The surface texture of seeds in the genus can vary from wrinkled to smooth. As with other Ranunculaceae plants, these seeds lose viability rapidly. The seeds frequently require at least two years to germinate, producing small seedlings that were described as "columbines dancing on the head of a pin" by American botanist and gardener Robert Nold.

==Taxonomy==
In 1920, British botanists James Ramsay Drummond and John Hutchinson published a paper, "A Revision of Isopyrum (Ranunculaceae) and Its Nearer Allies", in the Royal Botanic Gardens, Kew's Bulletin of Miscellaneous Information to address problems that had developed within the genus Isopyrum. Prior to their paper, the genus had permitted substantial morphological variance to coexist with certain species demonstrating greater affinities towards the genus Aquilegia (columbines). Part of the pair's proposed resolution was creating Paraquilegia and expanding the genus Semiaquilegia.

In proposing Paraquilegia, Drummond and Hutchinson sought to segregate Central Asian Isopyrum with features similar to those of Aquilegia. The pair identified one such feature as the mature follicles on Isopyrum grandiflorum (which the pair renamed Paraquilegia grandiflora and now called Paraquilegia anemonoides) and its allies. Their 1920 paper considered Paraquilegia to have the most "primitive" (basal) features compared to related genera. Drummond and Hutchinson proposed that the genera of Semiaquilegia and Isopyrum evolved from Paraquilegia and that Aquilegia processed out from Semiaquilegia.

==Distribution==
Paraquilegia is found across Asia. Contrary to what the genus's name suggests, Paraquilegia is more closely related to several Ranunculaceae genera native to Asia other than Aquilegia. These include Leptopyrum, Urophysa, and Isopyrum. Isopyrum anemonoides occurs in similar locations throughout Paraquilegias range, leading to the species being confused for Paraquilegia.

==Cultivation==
The genus is known as difficult to cultivate. Grown by rock gardeners, the genus is known to require specific conditions, such as north-facing crevice gardens. According to Nold, "the most notable thing" about the genus was how "serious rock gardeners" spoke of the Paraquilegia, in "hushed and awed voices". He compared Paraquilegias "aristocratic demeanor and tendency to sulk" to Aquilegia jonesii. Nold noted in 2003 that seeds were available from private seed lists produced by "expeditions to the remote – and potentially dangerous – locations that are the haunts" of Paraquilegia.

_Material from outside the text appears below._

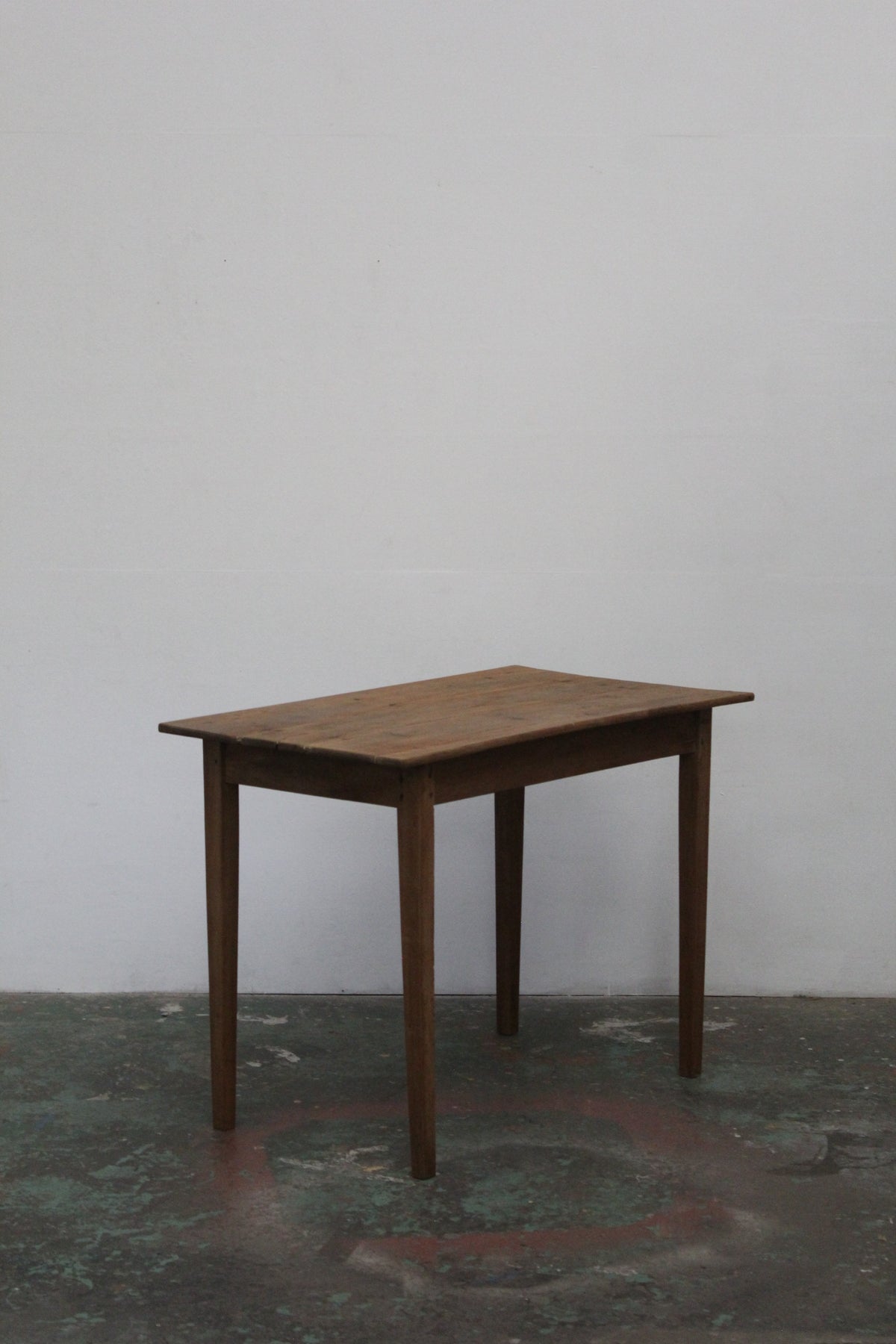 #1568 table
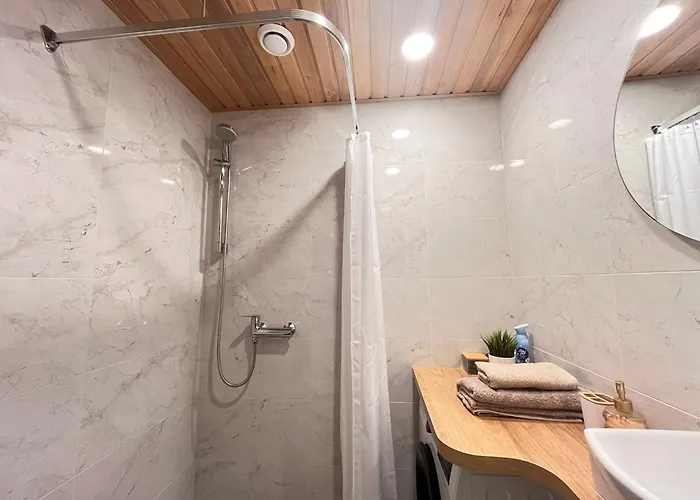 With Free Parking & Self Check-in דירה *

In 2023, the British botanist Christopher Grey-Wilson reported that substantial amounts of Paraquilegia seeds had entered circulation for cultivation from the Himalayas and western China, though the success rate with these seeds was low. Grey-Wilson noted that members of the Alpine Garden Society, the Scottish Rock Garden Club, and other growers had recently achieved success in cultivating Paraquilegia. According to Grey-Wilson, sufficient drainage, a cool root run, and partial shade were a fundamental requirements for successfully growing the genus.

Upon ripening, seeds must been sown immediately, with viability rapidly degrading over time. Cuttings have worked, but are difficult and can endanger the plant. Some of the most successful Paraquilegia plants in cultivation were grown in clay pans or tufa (a calcium carbonate soil). Clay pots can be used with compost, though this often results in the cushions and tufts on juvenile plants developing more slowly than wild examples.

==Species==
A number of species have been assessed as under the genus Paraquilegia, either as new species or reassessment from other genera. As of 2025, the Royal Botanic Gardens, Kew's Plants of the World Online recognizes eight species:

- Paraquilegia altimurana Rech.f.
- Paraquilegia anemonoides (Willd.) Ulbr.
- Paraquilegia caespitosa (Boiss. & Hohen.) J.R.Drumm. & Hutch.
- Paraquilegia chionophila Gilli
- Paraquilegia gangotriana Pusalkar & D.K.Singh
- Paraquilegia microphylla (Royle) J.R.Drumm. & Hutch.
- Paraquilegia scabrifolia Pachom.
- Paraquilegia uniflora (Aitch. & Hemsl.) J.R.Drumm. & Hutch.